= Source records =
────
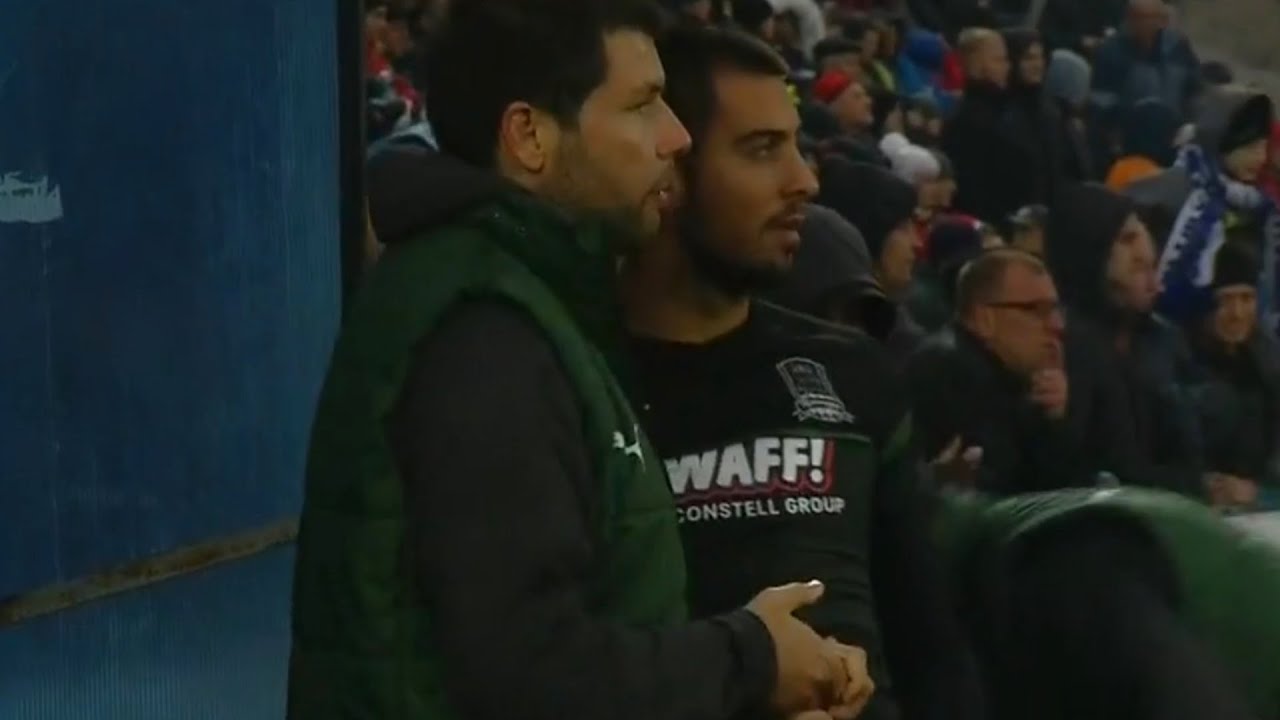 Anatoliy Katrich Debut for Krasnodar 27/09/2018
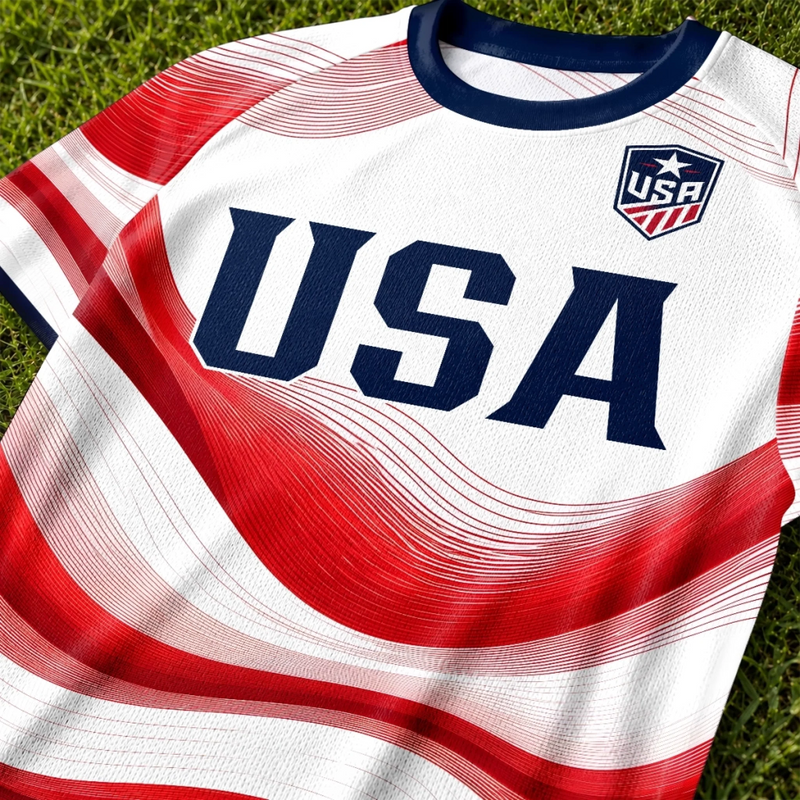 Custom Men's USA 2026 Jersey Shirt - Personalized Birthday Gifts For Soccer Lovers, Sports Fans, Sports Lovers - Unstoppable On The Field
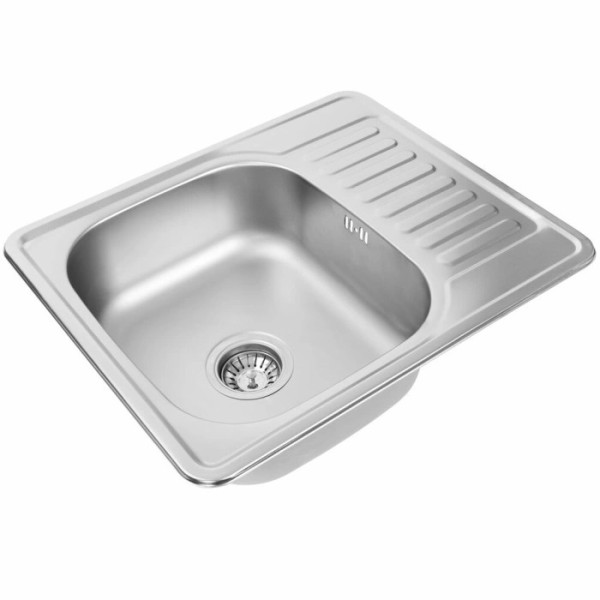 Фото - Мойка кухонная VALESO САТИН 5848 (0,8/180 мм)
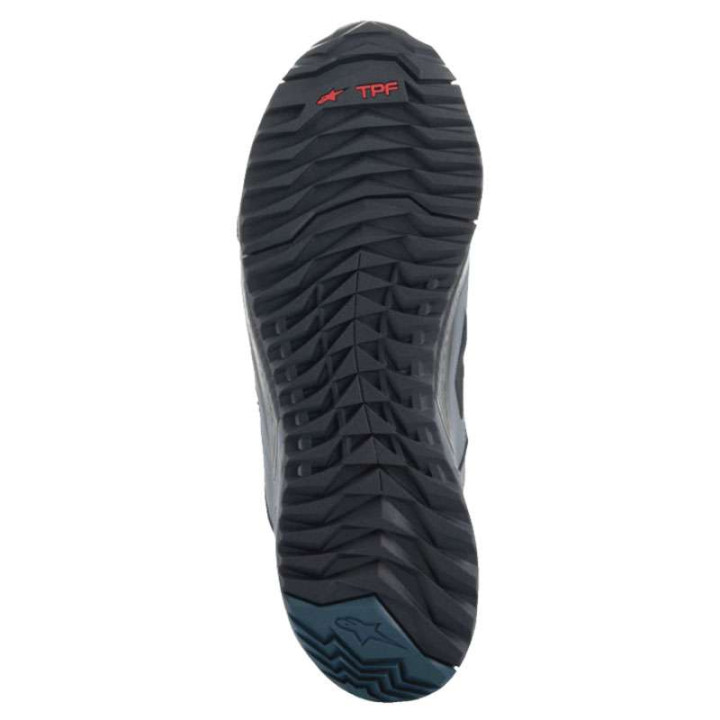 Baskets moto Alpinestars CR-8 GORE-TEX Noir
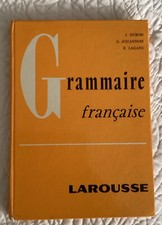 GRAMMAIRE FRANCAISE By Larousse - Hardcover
────
Could you reproduce every entry exactly, leaving out the pictures?

 Anatoliy Katrich Debut for Krasnodar 27/09/2018
 Custom Men's USA 2026 Jersey Shirt - Personalized Birthday Gifts For Soccer Lovers, Sports Fans, Sports Lovers - Unstoppable On The Field
 Фото - Мойка кухонная VALESO САТИН 5848 (0,8/180 мм)
 Baskets moto Alpinestars CR-8 GORE-TEX Noir
 GRAMMAIRE FRANCAISE By Larousse - Hardcover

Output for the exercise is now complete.